§ PROBLEM TO SOLVE: Leaving pictures out, repeat word for word the line that has "To contour I'm" and each line that follows it to the end of the listing.
━━━━━ GIVEN INFORMATION ━━━━━
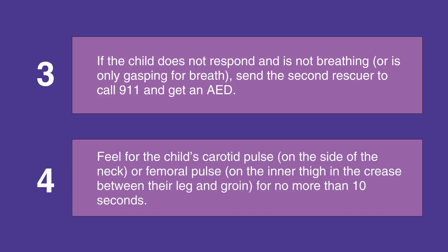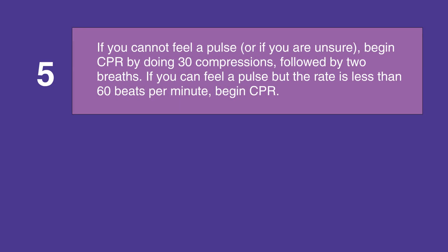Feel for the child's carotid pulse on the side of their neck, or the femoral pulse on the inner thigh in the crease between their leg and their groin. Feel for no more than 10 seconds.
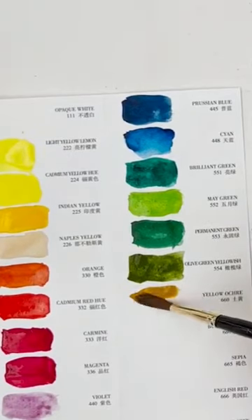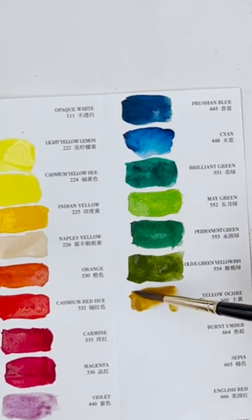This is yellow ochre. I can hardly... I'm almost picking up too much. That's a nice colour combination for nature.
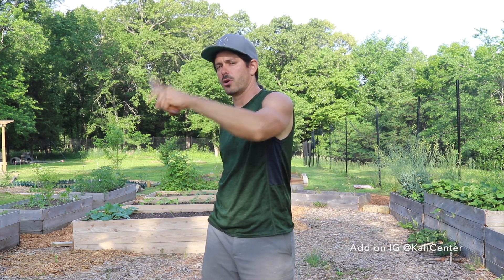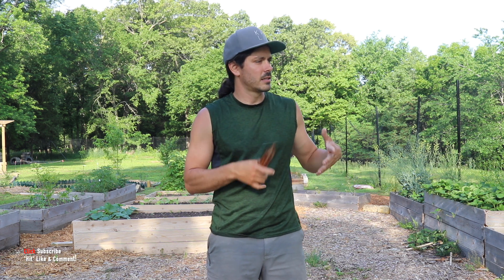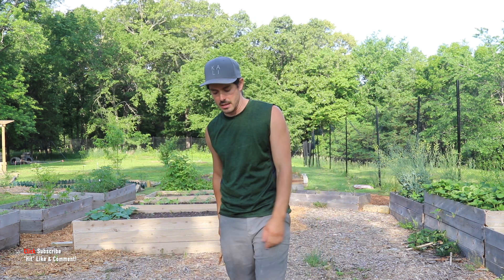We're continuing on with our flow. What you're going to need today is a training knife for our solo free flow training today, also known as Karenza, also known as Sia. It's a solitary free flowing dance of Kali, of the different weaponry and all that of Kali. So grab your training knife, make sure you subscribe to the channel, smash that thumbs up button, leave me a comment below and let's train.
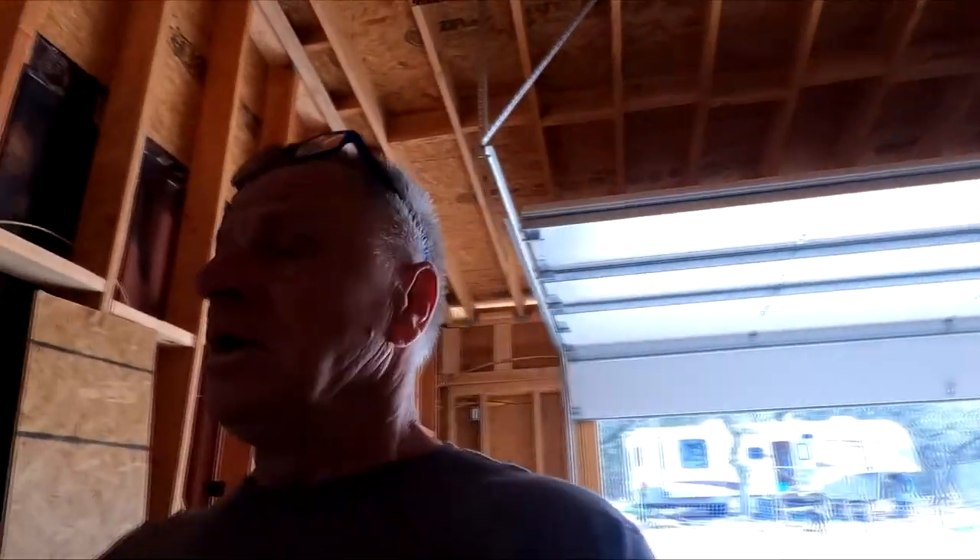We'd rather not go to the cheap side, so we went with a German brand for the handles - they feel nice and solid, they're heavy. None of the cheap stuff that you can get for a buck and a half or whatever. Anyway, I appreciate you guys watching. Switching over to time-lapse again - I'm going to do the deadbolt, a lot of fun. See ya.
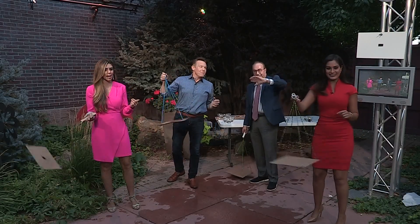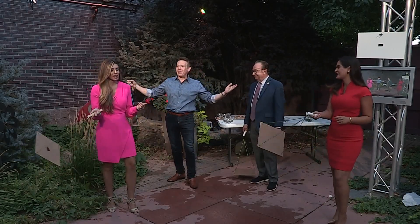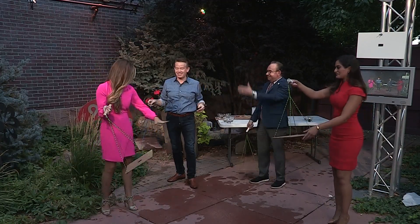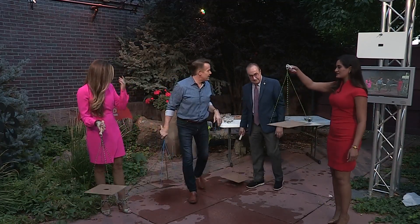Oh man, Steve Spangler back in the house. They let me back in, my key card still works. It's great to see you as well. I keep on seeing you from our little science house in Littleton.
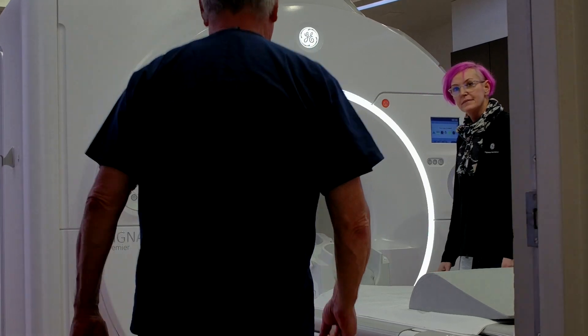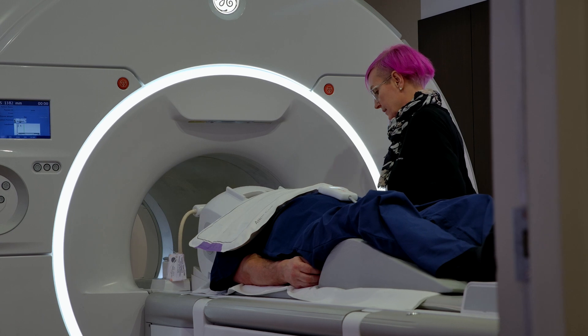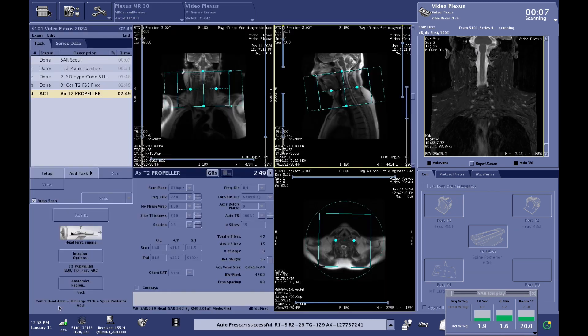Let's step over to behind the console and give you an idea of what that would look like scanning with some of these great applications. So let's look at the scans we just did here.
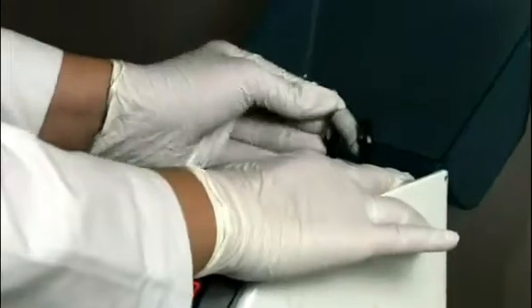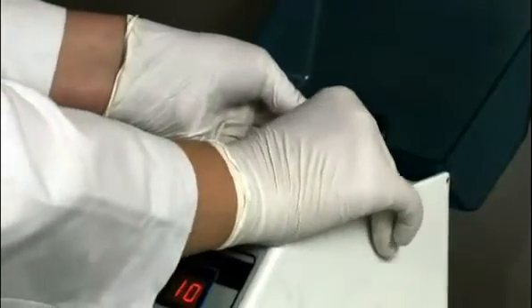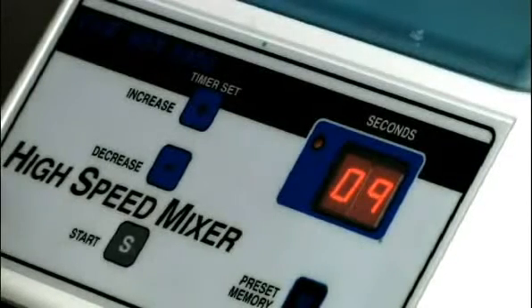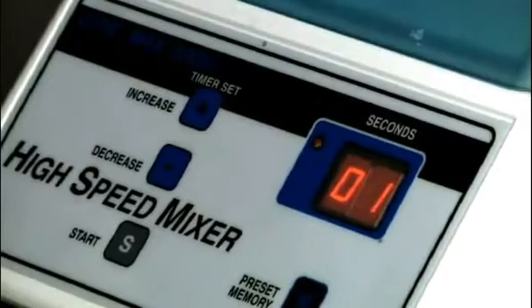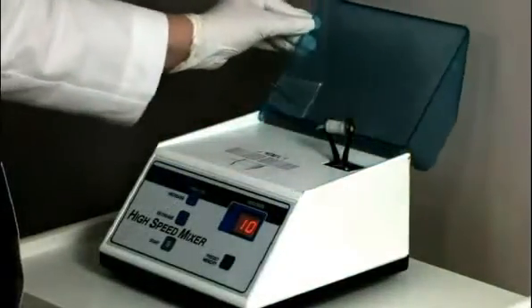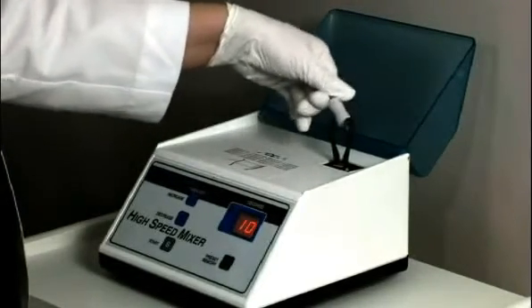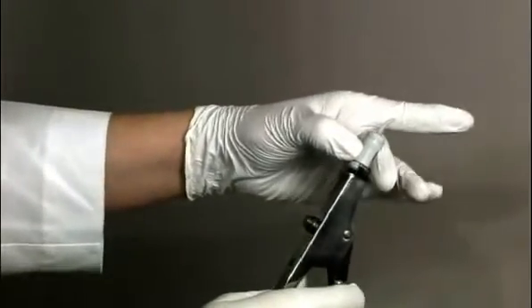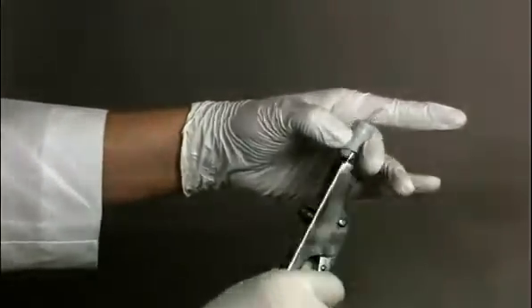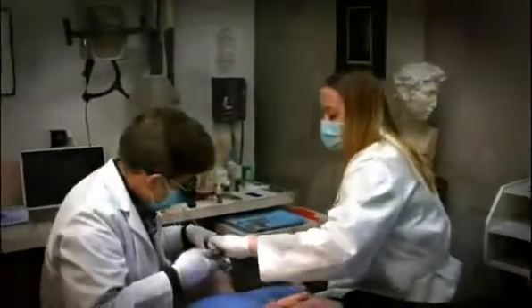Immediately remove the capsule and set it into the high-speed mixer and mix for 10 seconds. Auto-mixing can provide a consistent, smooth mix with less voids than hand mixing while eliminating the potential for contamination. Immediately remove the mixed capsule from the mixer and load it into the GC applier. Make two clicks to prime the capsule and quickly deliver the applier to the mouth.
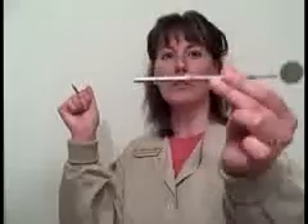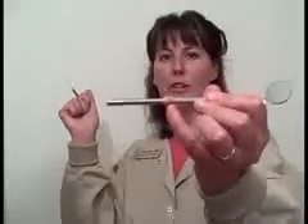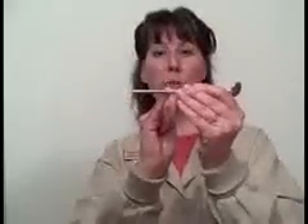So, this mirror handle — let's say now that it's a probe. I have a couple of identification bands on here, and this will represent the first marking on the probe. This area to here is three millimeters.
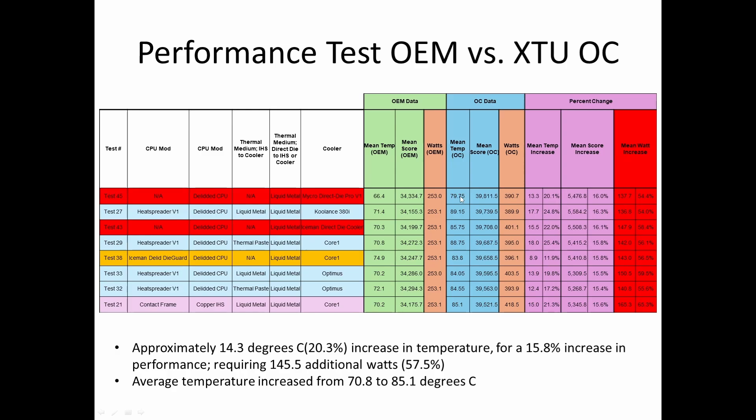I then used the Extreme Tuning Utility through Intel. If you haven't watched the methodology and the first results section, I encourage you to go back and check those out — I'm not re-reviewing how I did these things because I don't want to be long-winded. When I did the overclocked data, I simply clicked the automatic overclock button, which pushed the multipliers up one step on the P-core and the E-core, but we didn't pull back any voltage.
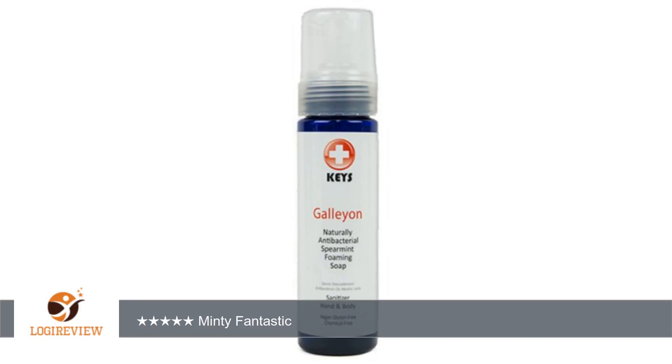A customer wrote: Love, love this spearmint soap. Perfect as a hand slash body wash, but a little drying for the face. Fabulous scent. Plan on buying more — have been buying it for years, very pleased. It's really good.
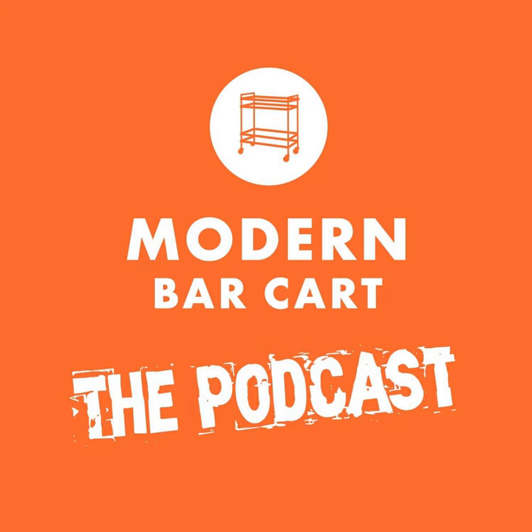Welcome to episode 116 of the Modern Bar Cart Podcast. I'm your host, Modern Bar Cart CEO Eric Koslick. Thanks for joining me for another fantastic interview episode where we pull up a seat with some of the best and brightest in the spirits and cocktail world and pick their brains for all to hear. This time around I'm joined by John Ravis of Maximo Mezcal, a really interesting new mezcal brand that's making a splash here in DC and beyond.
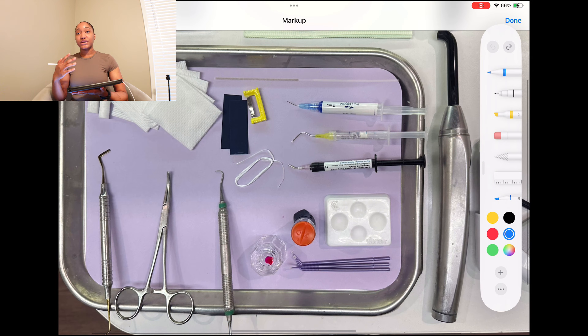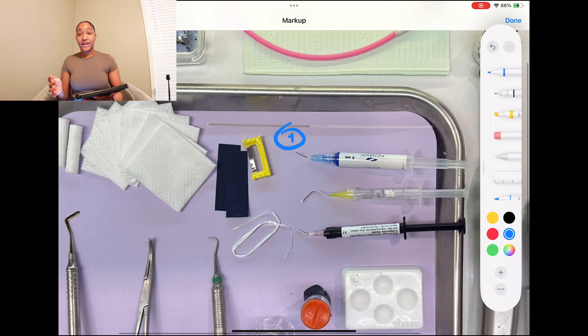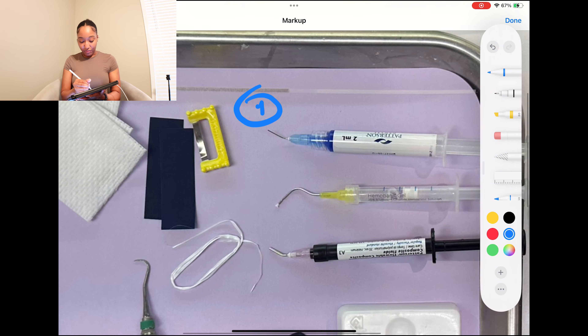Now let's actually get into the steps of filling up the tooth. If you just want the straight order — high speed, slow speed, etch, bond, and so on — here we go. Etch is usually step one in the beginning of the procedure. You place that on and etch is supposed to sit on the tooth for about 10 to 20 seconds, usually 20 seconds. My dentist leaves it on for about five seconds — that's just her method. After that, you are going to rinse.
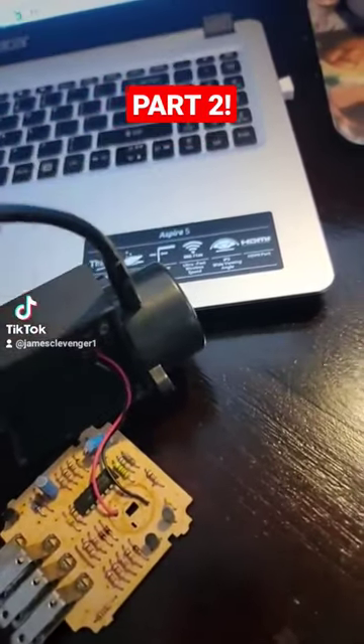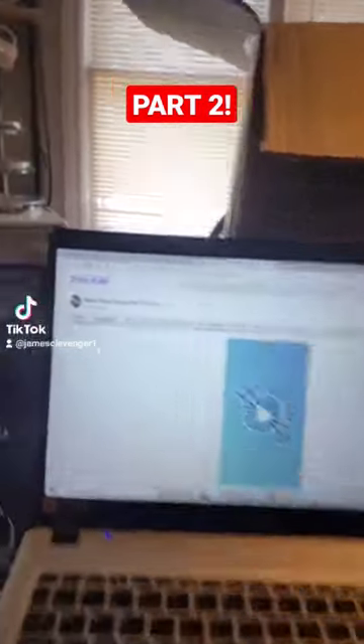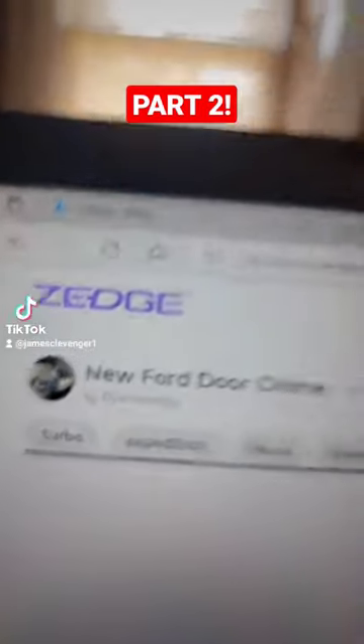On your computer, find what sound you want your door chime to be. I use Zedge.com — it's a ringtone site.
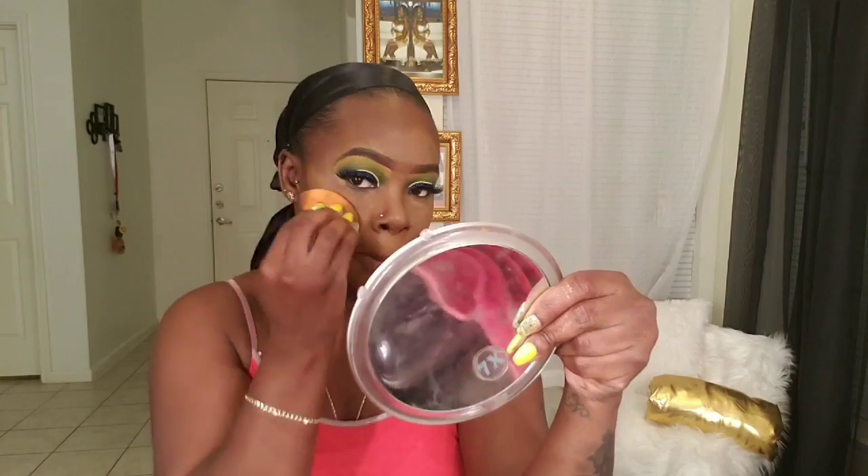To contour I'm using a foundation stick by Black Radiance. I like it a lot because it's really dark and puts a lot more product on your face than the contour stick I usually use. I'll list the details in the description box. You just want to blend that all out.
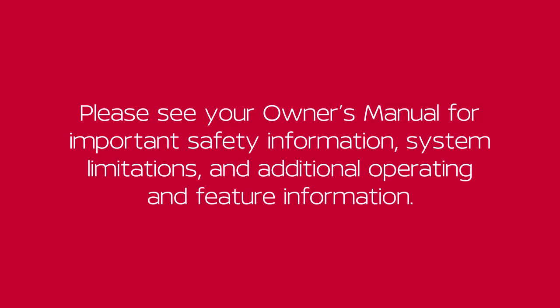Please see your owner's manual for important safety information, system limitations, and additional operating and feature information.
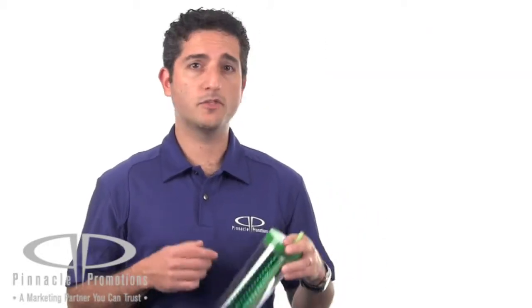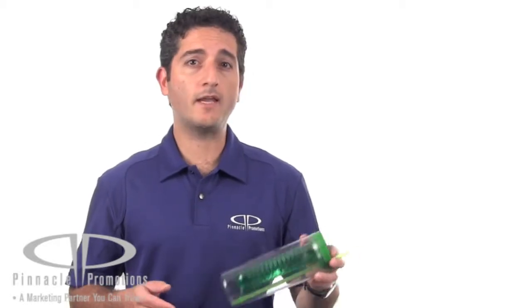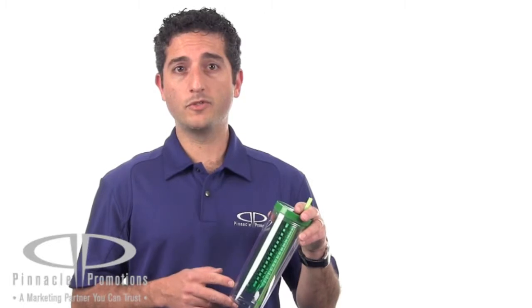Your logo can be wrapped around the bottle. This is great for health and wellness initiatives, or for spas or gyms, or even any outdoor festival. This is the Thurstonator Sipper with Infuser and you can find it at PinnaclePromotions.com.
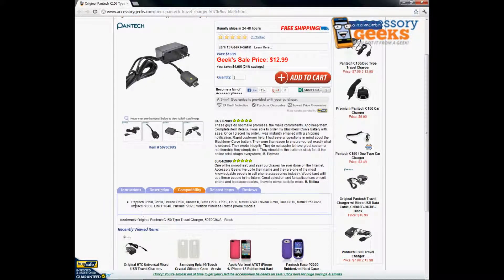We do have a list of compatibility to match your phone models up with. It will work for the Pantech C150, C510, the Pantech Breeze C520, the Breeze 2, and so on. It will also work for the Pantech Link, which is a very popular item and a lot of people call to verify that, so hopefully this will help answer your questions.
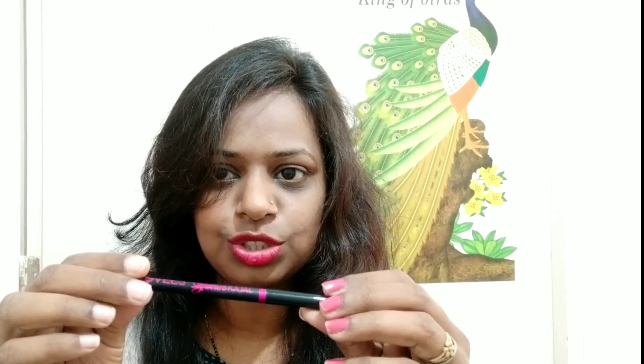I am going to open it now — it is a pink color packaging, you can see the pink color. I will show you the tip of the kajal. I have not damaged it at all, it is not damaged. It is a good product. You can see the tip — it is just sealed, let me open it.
━━━━━
§ OUTPUT OF THE EXERCISE:
To contour I'm using a foundation stick by Black Radiance. I like it a lot because it's really dark and puts a lot more product on your face than the contour stick I usually use. I'll list the details in the description box. You just want to blend that all out.
Please see your owner's manual for important safety information, system limitations, and additional operating and feature information.
Your logo can be wrapped around the bottle. This is great for health and wellness initiatives, or for spas or gyms, or even any outdoor festival. This is the Thurstonator Sipper with Infuser and you can find it at PinnaclePromotions.com.
We do have a list of compatibility to match your phone models up with. It will work for the Pantech C150, C510, the Pantech Breeze C520, the Breeze 2, and so on. It will also work for the Pantech Link, which is a very popular item and a lot of people call to verify that, so hopefully this will help answer your questions.
I am going to open it now — it is a pink color packaging, you can see the pink color. I will show you the tip of the kajal. I have not damaged it at all, it is not damaged. It is a good product. You can see the tip — it is just sealed, let me open it.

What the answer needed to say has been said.